Necessity created just such a process. After the 9/11 terrorist attacks, the White House recognized the criticality of developing a long-term national – not just a federal – approach to fighting terrorism and ensuring homeland security. President Bush used a relatively new policy vehicle – “national strategy” plans – as a way of creating an overarching strategic plan around a specific need or outcome, such as anti-terrorism.
The White House issued a 90-page National Strategy for Homeland Security, in July 2002. It addresses the threat of terrorism in the US and focuses on the domestic efforts of the federal, state, local and private sectors. It identifies major goals that are implemented via presidential directives. Since then, about a dozen other National Strategies have been issued, mainly dealing with national and homeland security issues – drug control, cyber-security, etc.

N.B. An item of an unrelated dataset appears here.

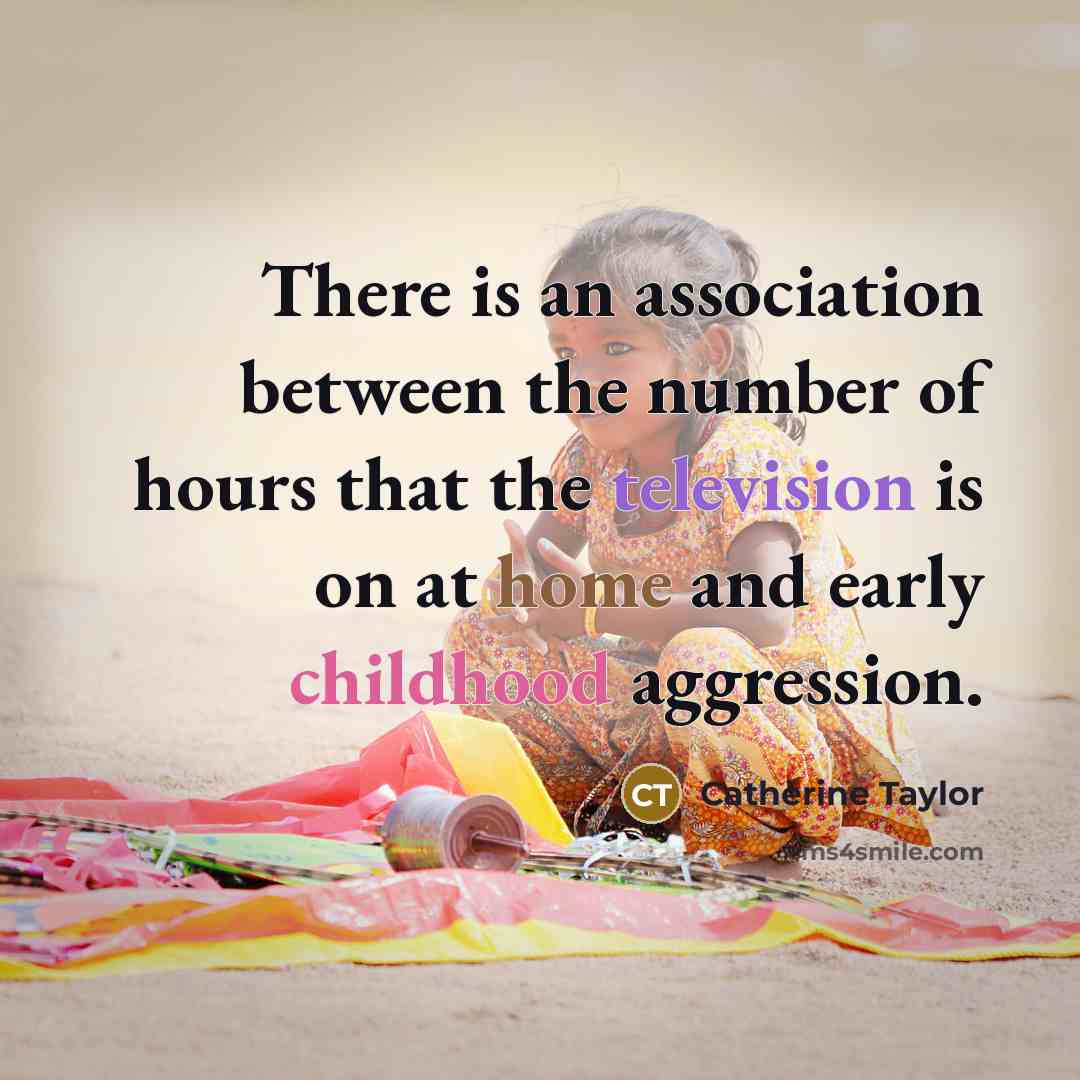 “There is an association between the number of hours that the television is on at home and early childhood aggression.” quote by Catherine Taylor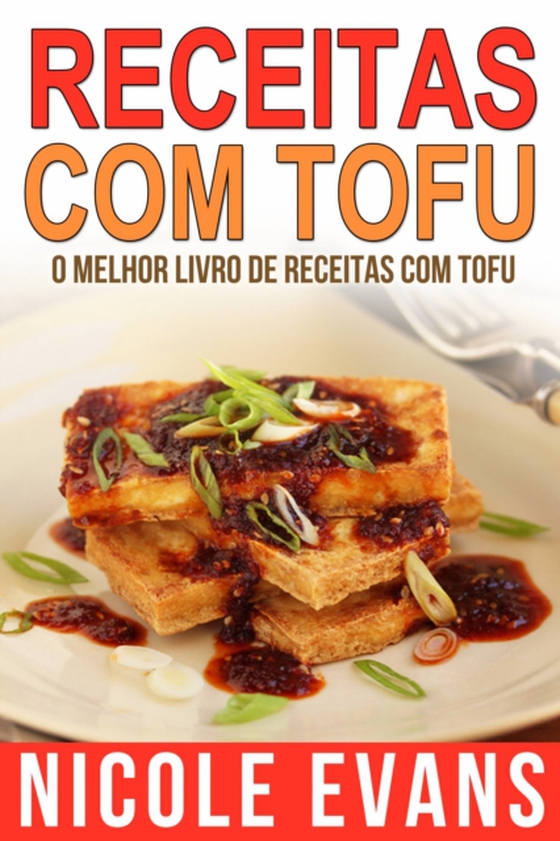 Receitas Com Tofu - O Melhor Livro de Receitas com Tofu (e-bog) af Evans, Nicole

The debate is whether the Strategies have any teeth. GAO’s studies suggest there are no control or accountability mechanisms. Other countries that have attempted governmentwide strategic planning efforts have had mixed results for similar reasons. Still, some of the major challenges facing the nation suggest the need for a strategic, long-term approach.
Should the next President extend the use of National Strategies or come up with other ways to provide focus and leadership on issues of long-term national importance?